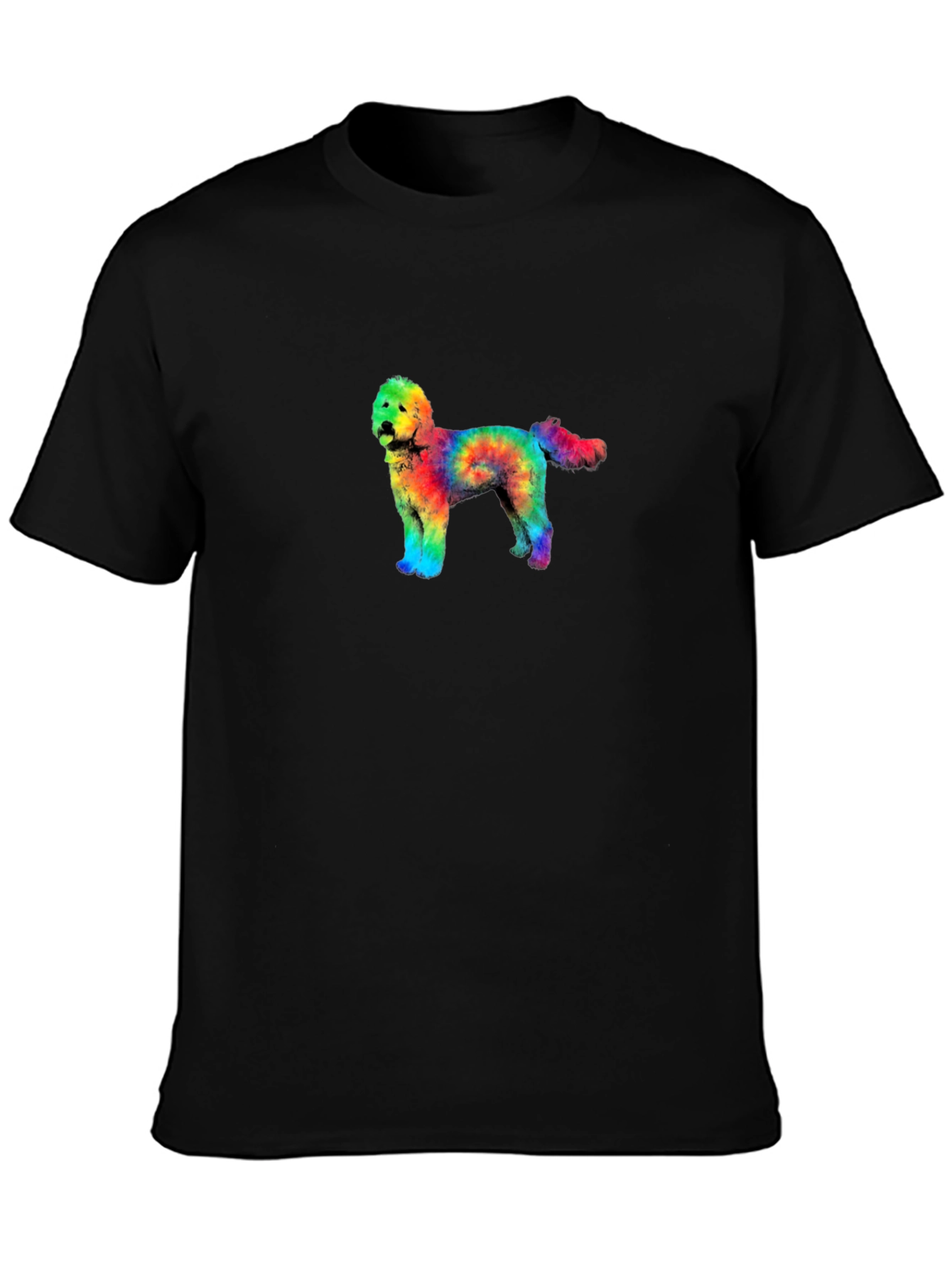 Tie-Dye Doodle Dog Graphic Black T-Shirt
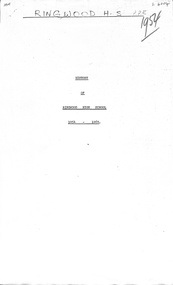 Document, History of the Ringwood High School - 1954 - 1969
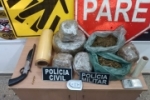 MACHADINHO: POL&Iacute;CIA CIVIL ABORDA T&Aacute;XI E PRENDE MULHER QUE TRANSPORTAVA QUASE 03 KG DE MACONHA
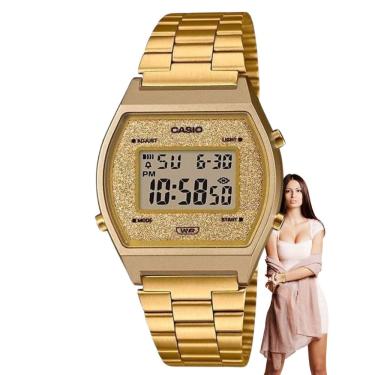 Imagem de Relógio Feminino Casio Digital Vintage Digital Pequeno Resistente Àgua Aço Inóx Brilho Glitter Casual Dourado B640WGG-9DF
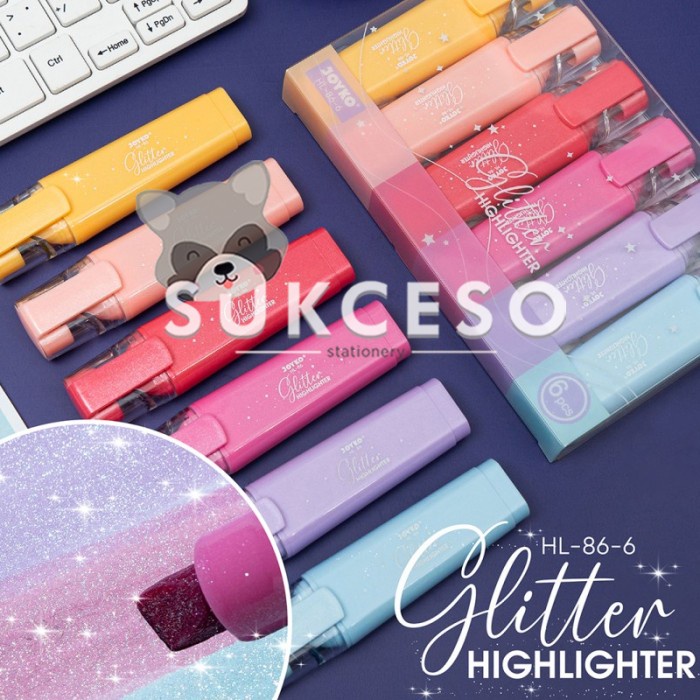 

ATKJaya- Joyko Highlighter Glitter HL-86-6 / Penanda Berwarna Glitter SET 6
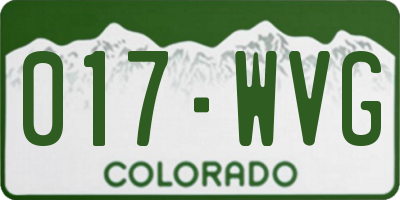 CO license plate 017WVG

= = = = = = =

### Action item
When you reproduce the material, keep every word exact and leave each picture out.

### Finished task
 Tie-Dye Doodle Dog Graphic Black T-Shirt
 Document, History of the Ringwood High School - 1954 - 1969
 MACHADINHO: POL&Iacute;CIA CIVIL ABORDA T&Aacute;XI E PRENDE MULHER QUE TRANSPORTAVA QUASE 03 KG DE MACONHA
 Imagem de Relógio Feminino Casio Digital Vintage Digital Pequeno Resistente Àgua Aço Inóx Brilho Glitter Casual Dourado B640WGG-9DF

ATKJaya- Joyko Highlighter Glitter HL-86-6 / Penanda Berwarna Glitter SET 6
 CO license plate 017WVG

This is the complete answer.